While pharmacologic treatments for RA can substantially improve symptoms, they also have associated toxicities that are important to consider (Aletaha and Smolen, 2018; Graham, 2006; Harirforoosh et al., 2013; Huscher et al., 2009; Kamata and Tada, 2018; Nash et al., 2017; Rindfleisch and Muller, 2005; Saag et al., 1994; Sostres et al., 2010). Serious infections are among the most concerning potential adverse effects of biologic DMARDs and glucocorticoids because of their immunosuppressive properties. The toxicities of medications may limit their use in specific patients depending on comorbidities (particularly patients with liver, renal, or cardiovascular disease) and may prompt patients to discontinue or switch medications (Choquette et al., 2019).

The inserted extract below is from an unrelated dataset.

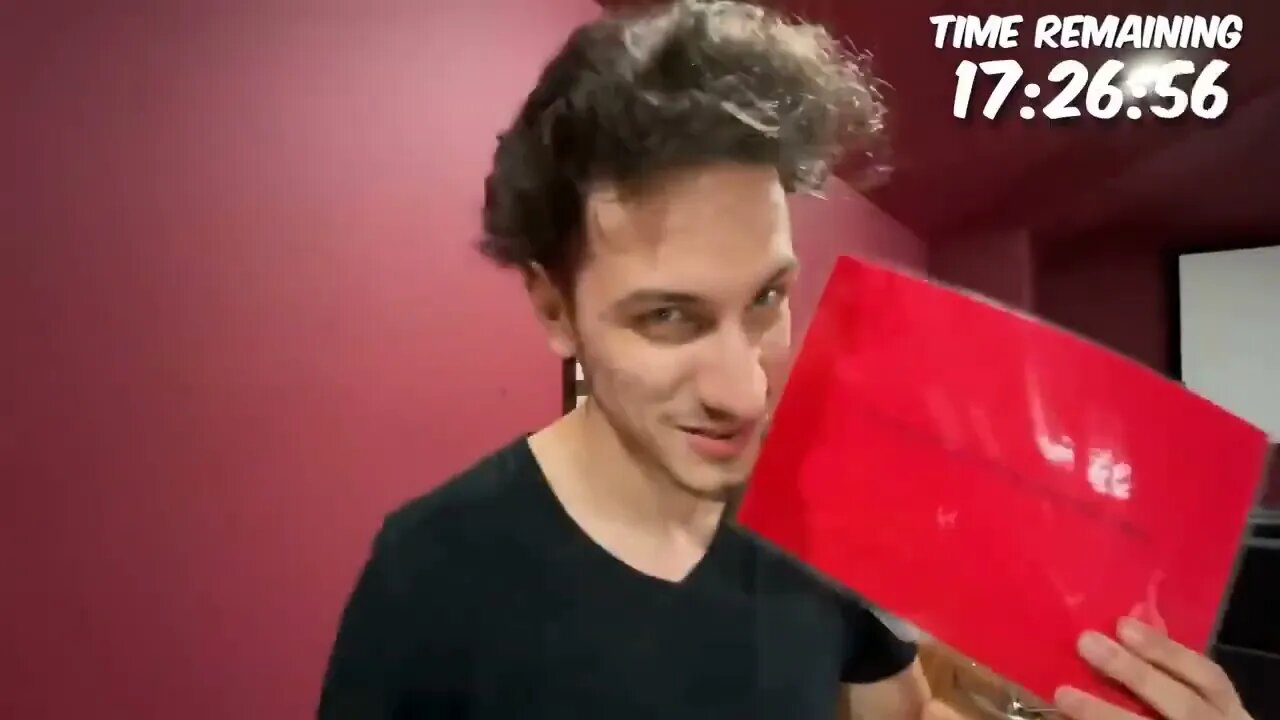 10,000 DARES in 24 HOURS! 4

Few studies have directly and rigorously assessed the impact of RA treatments on work outcomes. The committee identified a Swedish study comparing traditional DMARDs to combination therapy with infliximab and methotrexate for RA; it found no differences between the treatment arms in the number of work-days lost (Eriksson et al., 2016).

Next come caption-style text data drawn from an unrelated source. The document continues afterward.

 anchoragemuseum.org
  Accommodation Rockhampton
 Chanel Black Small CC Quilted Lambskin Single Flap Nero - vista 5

In the absence of direct evidence on the impact of specific RA treatments on work outcomes, the committee reviewed evidence of the impact of RA treatments on measures of physical functioning, specifically the HAQ. HAQ scores are predictive of work disability, and the HAQ is commonly used as a secondary outcome measure in clinical trials testing RA therapies. Among pharmacologic agents, a range of medications including traditional DMARDs (e.g., methotrexate, leflunomide) (Scott et al., 2001) and biologic DMARDs (e.g., golimumab, tocilizumab, baricitinib, certolizumab, filgotinib, sarilumab, tofacitinib, sirukumab, adalimumab, rituximab) have all been demonstrated to improve functional status in RA as measured using the HAQ (Bingham et al., 2014; Burmester et al., 2016; Dougados et al., 2017; Emery et al., 2017; Genovese et al., 2015, 2018; Keystone et al., 2017; Rigby et al., 2011; Strand et al., 2015a,b; Takeuchi et al., 2017; Taylor et al., 2017). Comparative effectiveness analyses and active comparator trials have generally not identified significant differences between biologic DMARDs in their impact on HAQ scores in RA (Jansen et al., 2014; Strand et al., 2016), with the exception of two recent trials that found sarilumab to be superior to adalimumab in its impact on physical functioning as measured using the HAQ (Strand et al., 2018). Among nonpharmacologic treatment strategies, resistance exercises have been found to improve physical functioning as measured using the HAQ (Baillet et al., 2012).

A key limitation of those data is that most studies do not focus specifically on patients with severe or refractory RA, who might be more likely to participate in SSA programs (Kilcher et al., 2018), so it is unclear whether the aforementioned therapies would meaningfully improve work-related functional capacity within the population of interest to SSA. Of the evidence the committee reviewed, the studies that most closely reflected the population of interest (i.e., adults with severe RA resulting in functional limitations that significantly restrict work) were those evaluating the impacts of specific treatments in patients who had not responded to at least one biologic DMARD. In RA, sarilumab (Fleischmann et al., 2017), filgotinib (Genovese et al., 2018), baricitinib (Genovese et al., 2016; Smolen et al., 2017b), and tofacitinib (Strand et al., 2015b) have all been demonstrated to improve HAQ scores in patients with an inadequate response to at least one anti-TNF DMARD. Conversely, secukinumab (Blanco et al., 2017; Dokoupilova et al., 2018) was not found to improve physical functioning as measured using the HAQ in this population.

NSAIDs and low-dose glucocorticoids can provide symptom relief within days. With DMARDs, clinical improvement is typically expected within 3 months of starting therapy, although a substantial number of patients might not respond until months 3–6 (Kavanaugh et al., 2008, 2010). Accordingly, many clinical trials of RA therapeutics now assess treatment response at both 3 and 6 months, and the EULAR treatment guidelines for RA recommend changing therapy if no improvement is seen after 3–6 months (Ramiro et al., 2014).